This analysis is based on a false premise. Regardless of the efficiency of a steam boiler, and regardless of how much energy it takes to run an engine on steam, the heat is already being made in the internal combustion engine and being wasted out the exhaust pipe. Put one drop of water in the cylinder and it will add kinetic energy to the piston.
it's easy to say "based on false premise"
I haven't seen proof yet

Frankly I don't know.
I cannot say a six stroke is better or worse than a four stroke;
I simply can't.
Think about it this way:
if you add two strokes as intended, the fourth would be removing the pressure from the cylinder via your exhaust pipes.
The hottest part is the burned fuel, the hot gases are exhaled into the exhaust and muffler (both being heated no matter what follows next in the cylinder)
So, the heat peaked already, the cylinder is starting to cool down.
You add a water cycle and inject water into the cylinder...
Great...
Fifths stroke questions...
Now how much heat is left, how many joules of thermal energy are you able to transform into kinetic energy (turning water into steam) within this one stroke?
(within the ~0.017 seconds you have /based on 3600 rpm)
And, what is the exact amount of water that is transformed for that reason.
How much pressure can that much water produce without collapsing into water again, is that enough to actually move the piston down to BDP or close?
Now out with the steam.
Okay passive stroke, no big deal
.... you think!
You cooled the cylinder by a certain amount, what amount?
Will the steam condense at any one point in the cylinder (maybe the spark plug gap?)
Are any sensitive materials nearby, will the temperature still be high enough to get the next combustion as powerfull as the previous (and yes.. that IS important.. really important!)
Just think you shortened out the spark plug.. no spark no running engine;
or you loose combustion energy with every single stroke..

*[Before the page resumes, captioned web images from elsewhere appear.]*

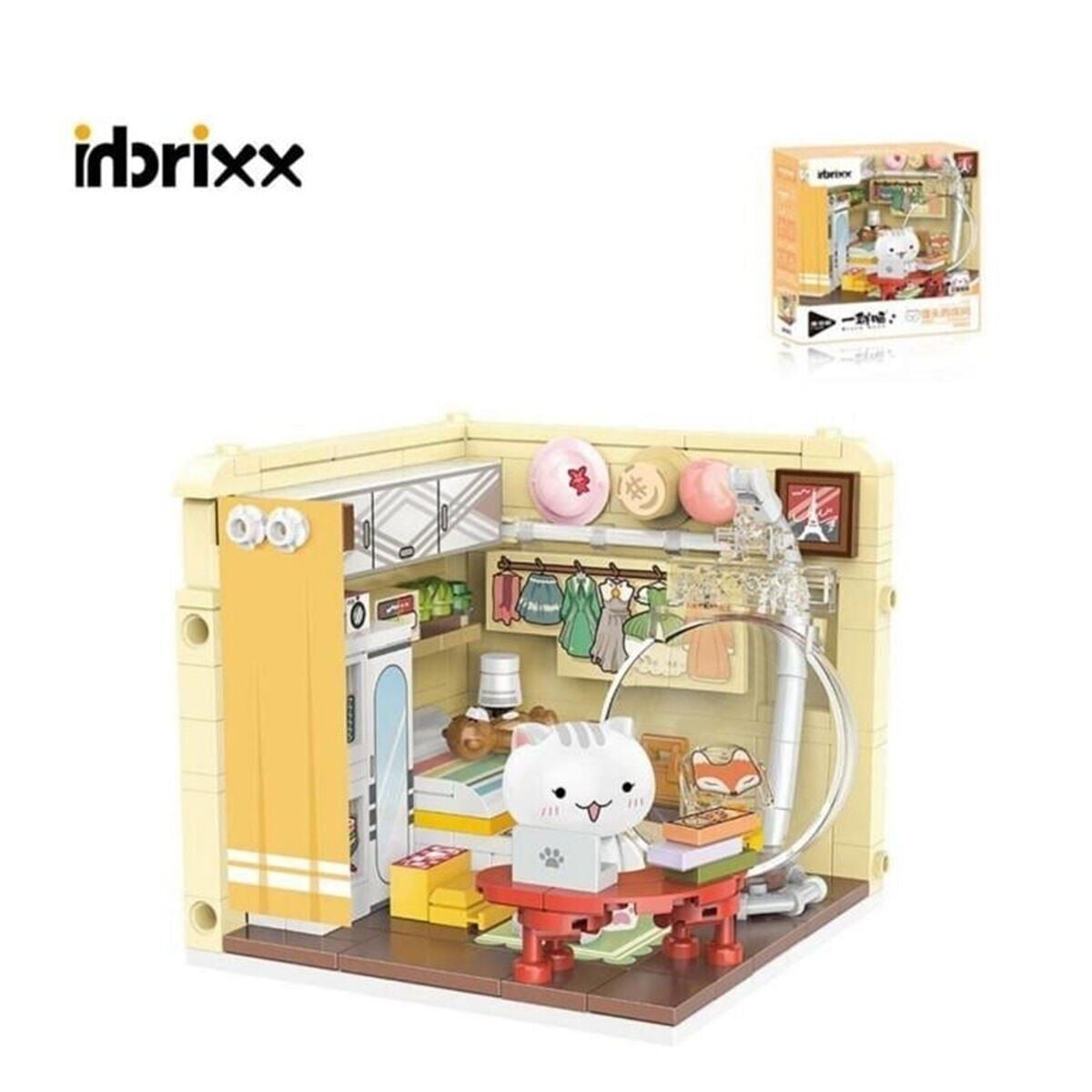 P885003 Panlos Kedi̇ Mutfak 252 Parça Block Oyuncak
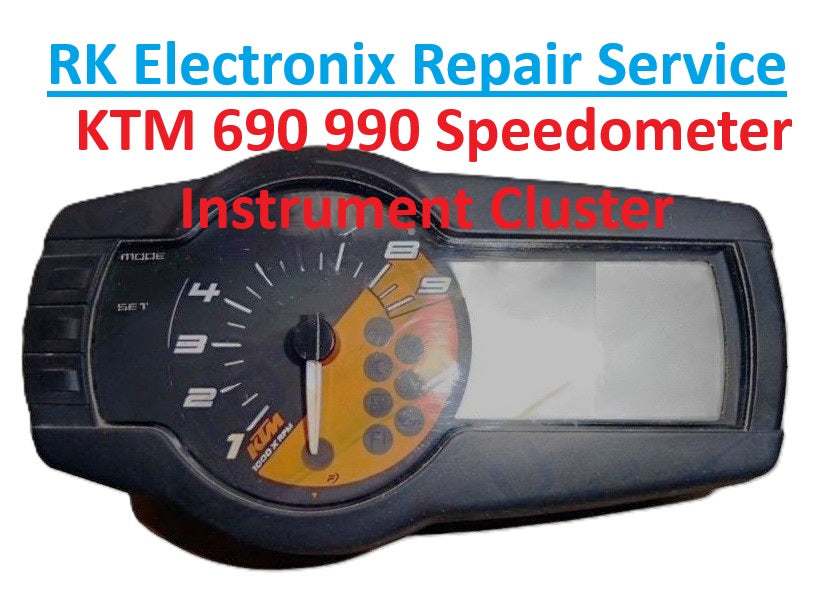 KTM 690 990 Speedometer Instrument Cluster Dashboard Clock Repair Service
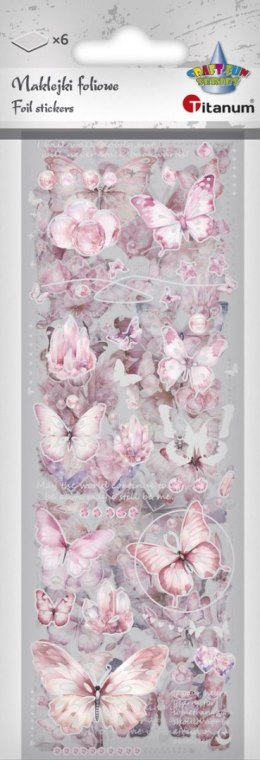 Naklejka (nalepka) Craft-Fun Series Naklejki foliowe 6 plansz Titanum (25YZ013) Titanum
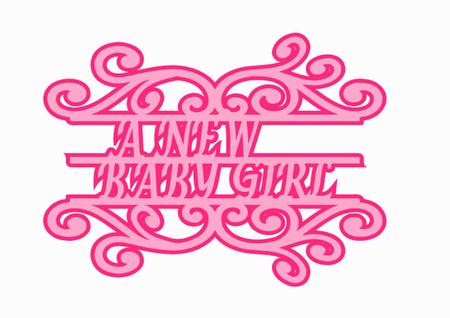 A New Baby Girl Topper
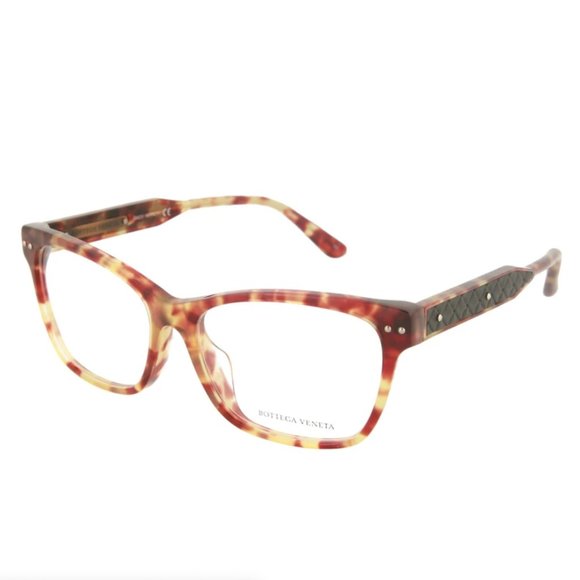 Bottega Veneta Women's Red Havana Tortoise Cat Eye Glasses!
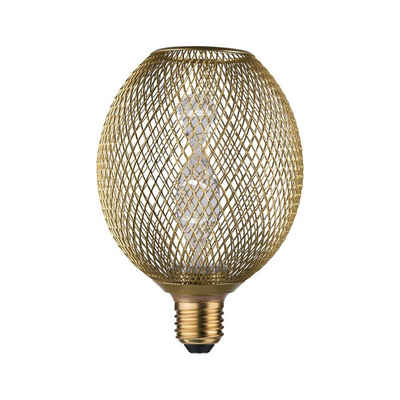 Paulmann LED-Leuchtmittel Metallic Glow Globe messing Helix 130lm 3,5W 1800K 230V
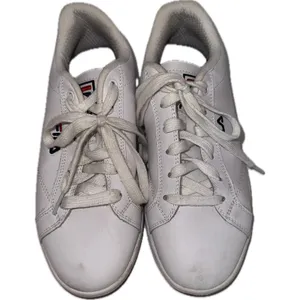 Fila‎ Reunion Women's White/Navy/Red Leather Sneakers Lace Up Low Top Shoes 8 thumbnail 1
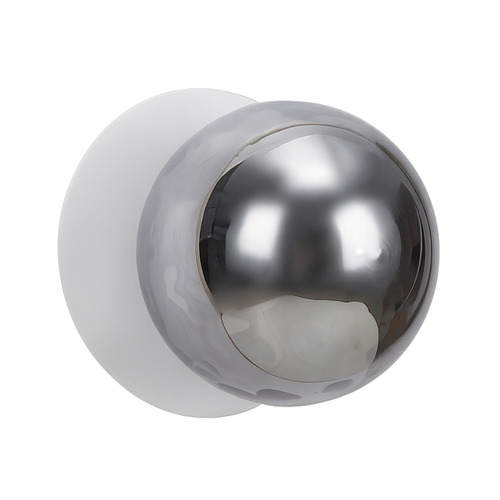 Lassie Molten Ripple Glass Warm White LED Wall Sconce
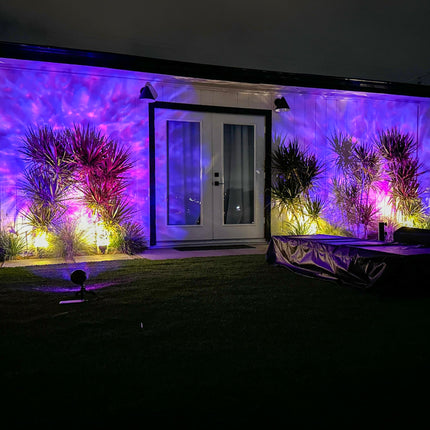 BlissLights Oblivia - IP65 Outdoor Nebula Cloud Projector, LED Landscape Lighting, Garden Path Light for Year-Round Exterior Decor, Christmas, or Events (RGB)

no matter how high the energy was with your first combustion
At one time there will be no more energy left and all you do is fill your cylinder with water
To raise the initial energy level you will need to add fuel and air, quite the opposite of what your goal was.

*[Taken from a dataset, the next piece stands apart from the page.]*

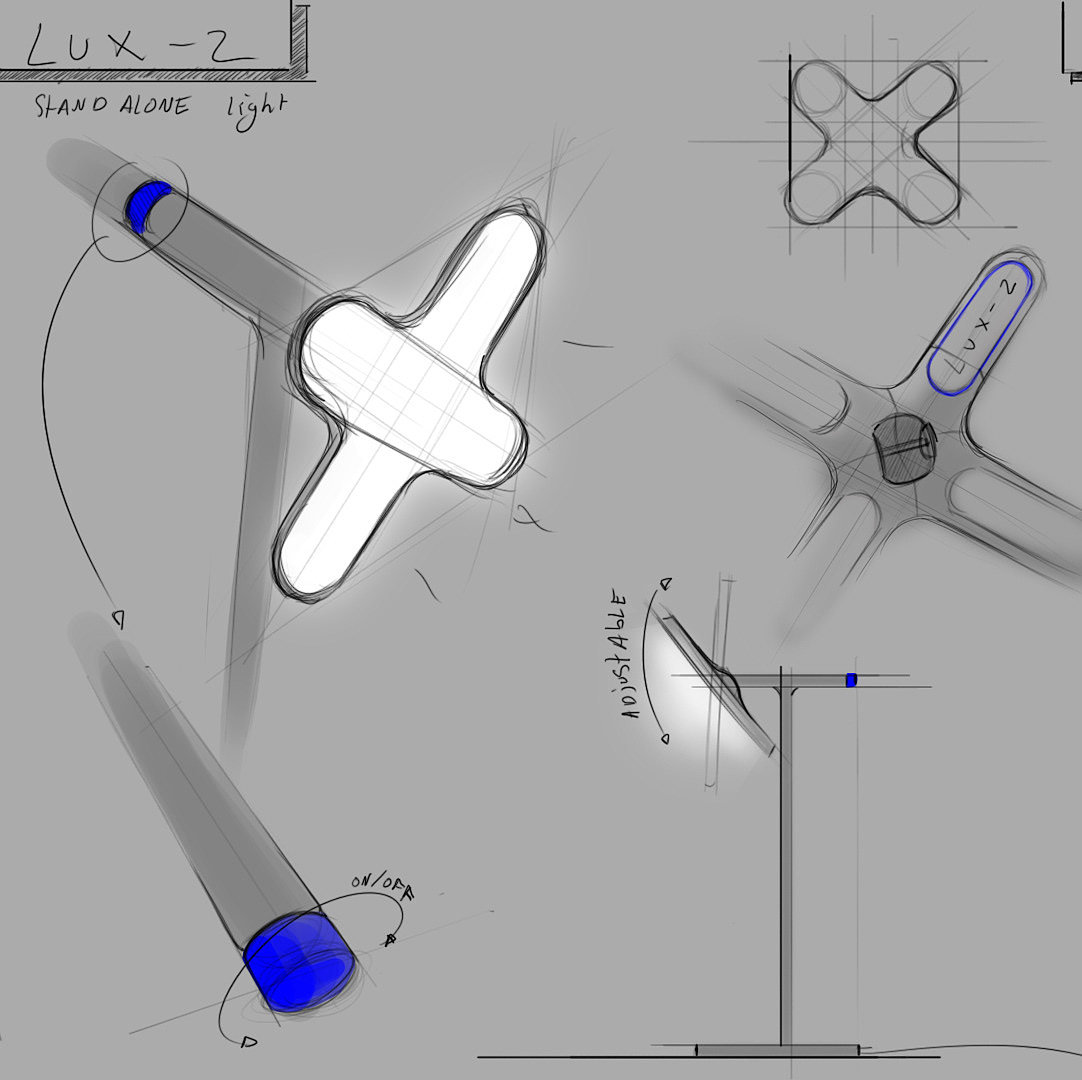 Lux / 01，Flashlight，Lighting tools，product design，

(basically what you do when starting an engine cold in the winter.. much more fuel is needed than a engine that ran for 45min in the summer

)
And what I think has been forgotten already..
the main heat source (the combusted gas) is already gone, it heated the muffler, that energy is lost if you tap into the cylinder.
Well, you can run a steam pipe through the exhaust pipes and muffler and run a generator from that, but that's not a six stroke is it?
So...
if it'd be that easy to convert, then I do not understand why the big companies (not even the ones that are proud of energy saving engines) came up with an engine like that.
*shrugs*
I've seen many different engine layouts five stroke even
and all claim to be more eco friendly and fuel saving and whatnot.
Yet I don't know any car with one of those...
I really like to see someone trying, I really do,
I wish you (whoever wants to try) the best of luck, and the biggest possible success; honestly.